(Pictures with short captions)
------
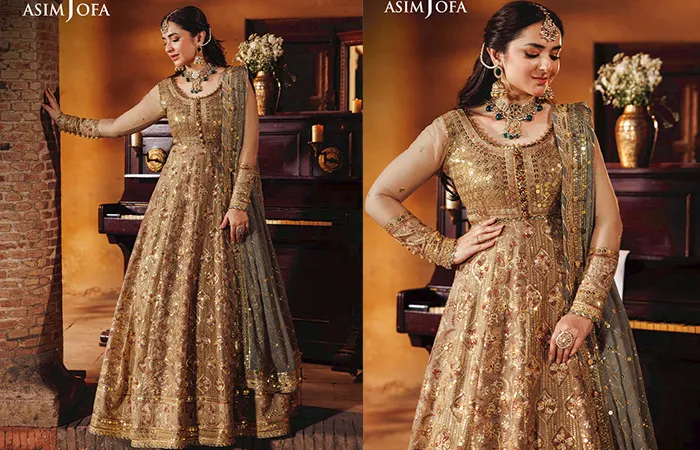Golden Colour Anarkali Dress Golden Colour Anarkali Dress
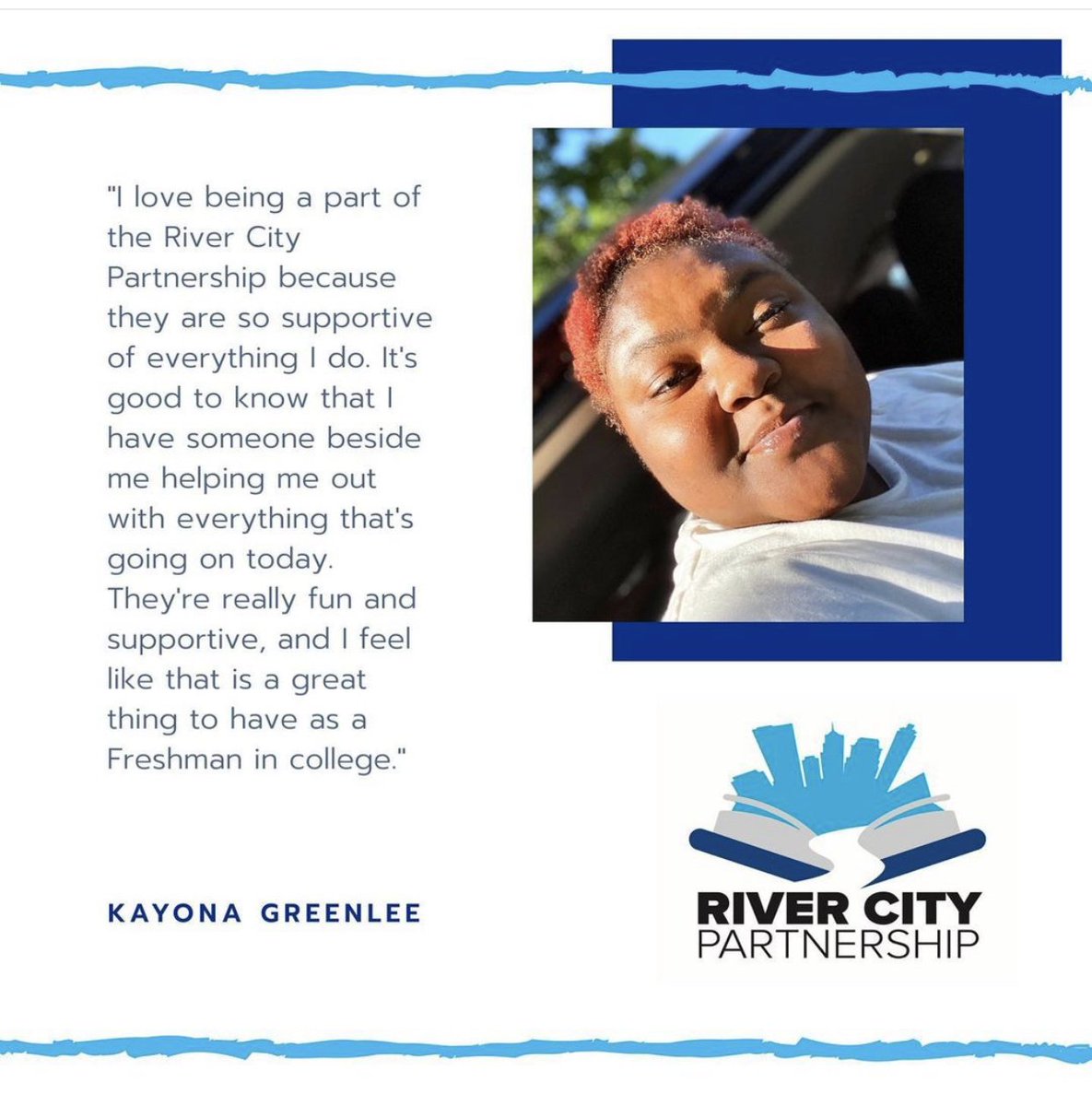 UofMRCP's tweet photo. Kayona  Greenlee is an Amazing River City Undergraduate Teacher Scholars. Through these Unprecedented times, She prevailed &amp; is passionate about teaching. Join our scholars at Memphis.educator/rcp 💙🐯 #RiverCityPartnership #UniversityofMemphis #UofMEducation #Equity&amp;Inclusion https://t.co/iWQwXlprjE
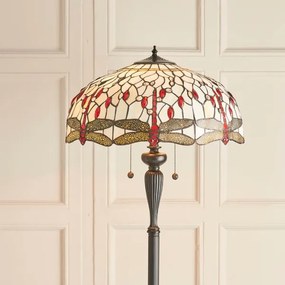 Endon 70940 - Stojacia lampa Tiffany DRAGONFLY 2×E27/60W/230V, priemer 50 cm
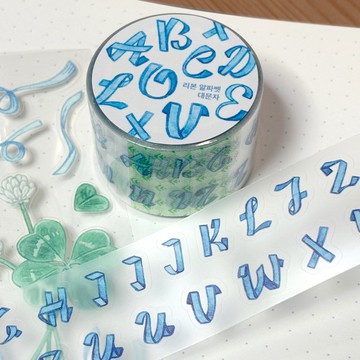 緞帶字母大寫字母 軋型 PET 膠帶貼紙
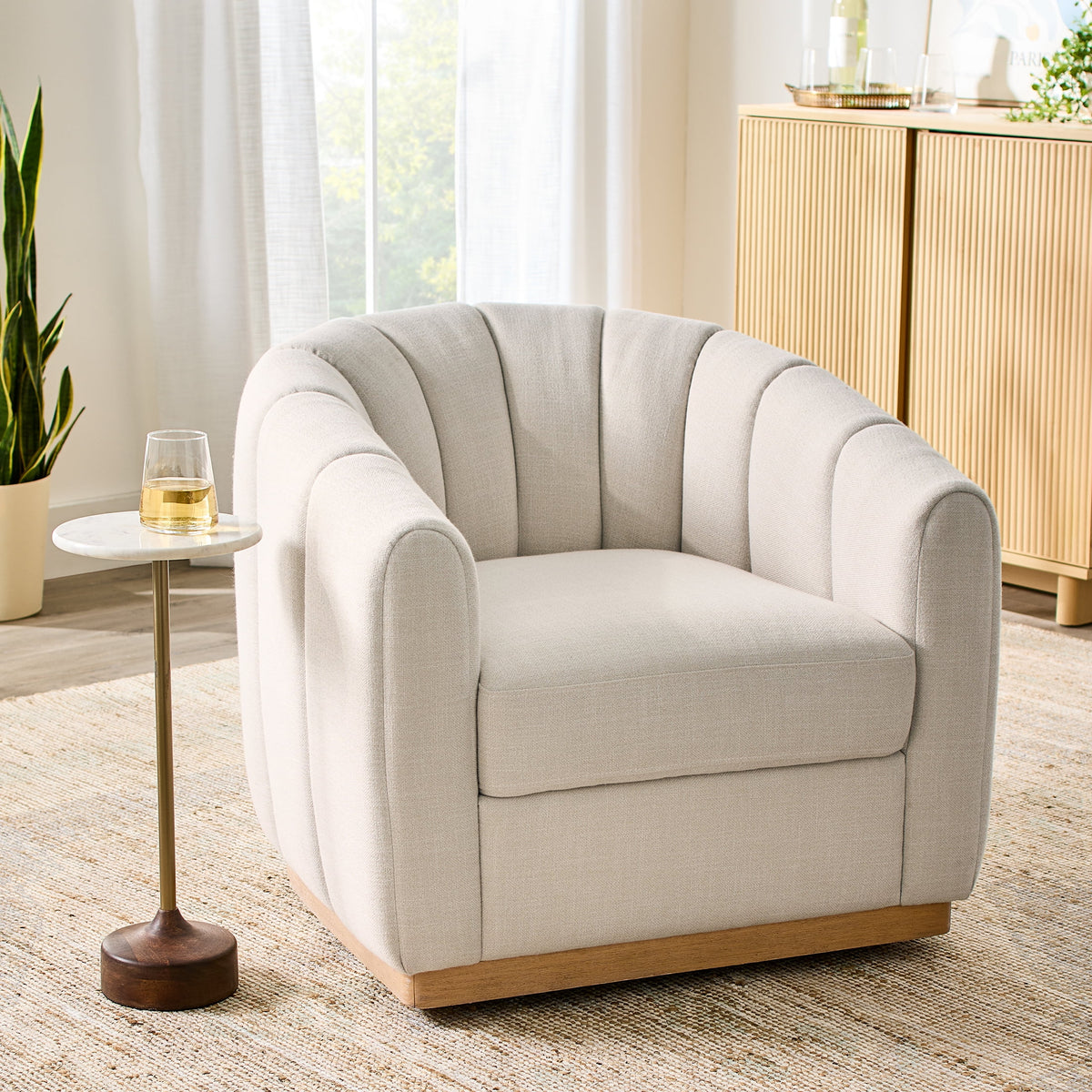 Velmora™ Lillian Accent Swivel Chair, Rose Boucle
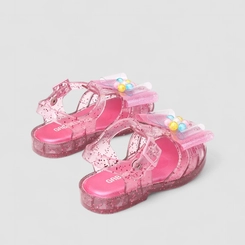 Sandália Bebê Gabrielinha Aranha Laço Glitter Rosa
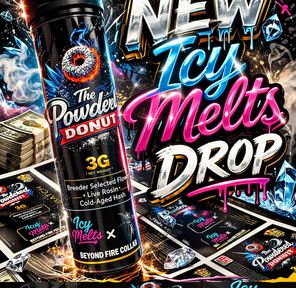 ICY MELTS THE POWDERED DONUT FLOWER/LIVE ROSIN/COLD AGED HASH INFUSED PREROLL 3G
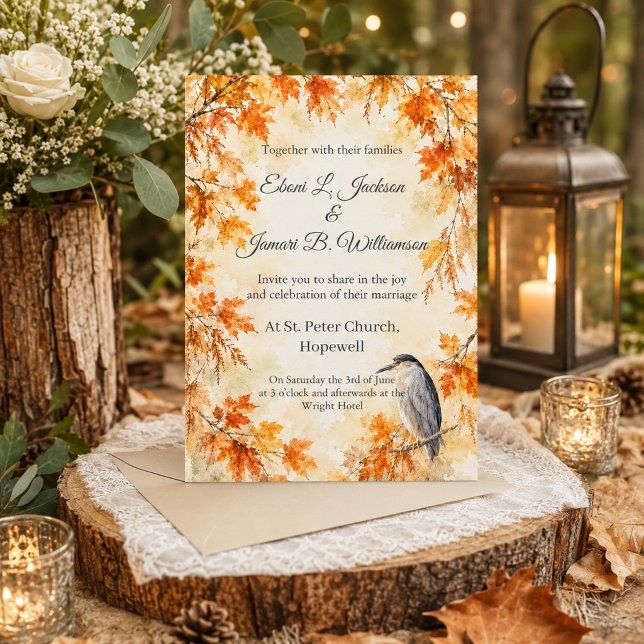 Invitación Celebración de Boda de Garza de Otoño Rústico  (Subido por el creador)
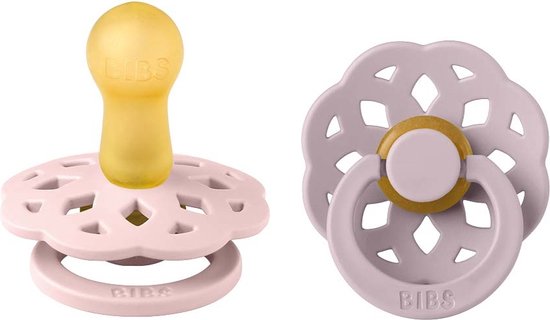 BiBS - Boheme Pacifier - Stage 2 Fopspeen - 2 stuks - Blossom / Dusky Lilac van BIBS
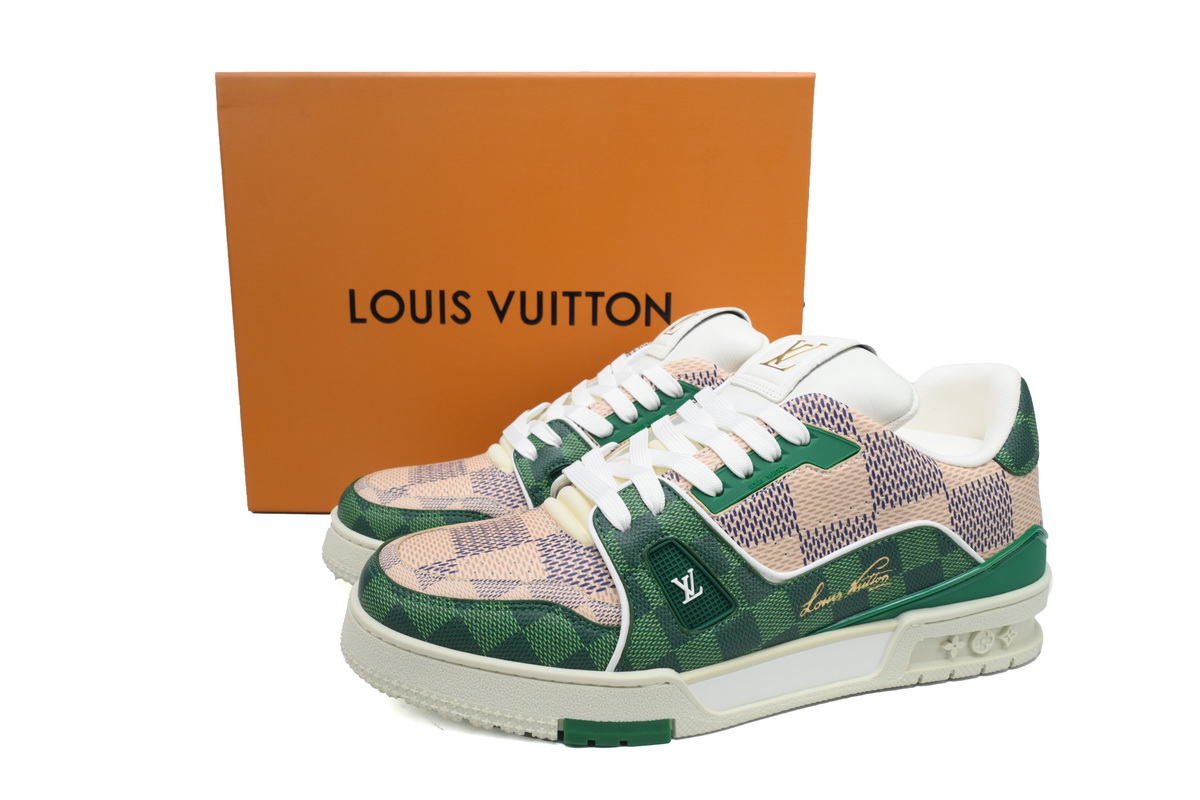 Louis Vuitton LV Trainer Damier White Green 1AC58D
------
### Exercise requirements
Line by line, restate the data above exactly as it stands, minus the pictures.

### Answer for the task
Golden Colour Anarkali Dress Golden Colour Anarkali Dress
 UofMRCP's tweet photo. Kayona  Greenlee is an Amazing River City Undergraduate Teacher Scholars. Through these Unprecedented times, She prevailed &amp; is passionate about teaching. Join our scholars at Memphis.educator/rcp 💙🐯 #RiverCityPartnership #UniversityofMemphis #UofMEducation #Equity&amp;Inclusion https://t.co/iWQwXlprjE
 Endon 70940 - Stojacia lampa Tiffany DRAGONFLY 2×E27/60W/230V, priemer 50 cm
 緞帶字母大寫字母 軋型 PET 膠帶貼紙
 Velmora™ Lillian Accent Swivel Chair, Rose Boucle
 Sandália Bebê Gabrielinha Aranha Laço Glitter Rosa
 ICY MELTS THE POWDERED DONUT FLOWER/LIVE ROSIN/COLD AGED HASH INFUSED PREROLL 3G
 Invitación Celebración de Boda de Garza de Otoño Rústico  (Subido por el creador)
 BiBS - Boheme Pacifier - Stage 2 Fopspeen - 2 stuks - Blossom / Dusky Lilac van BIBS
 Louis Vuitton LV Trainer Damier White Green 1AC58D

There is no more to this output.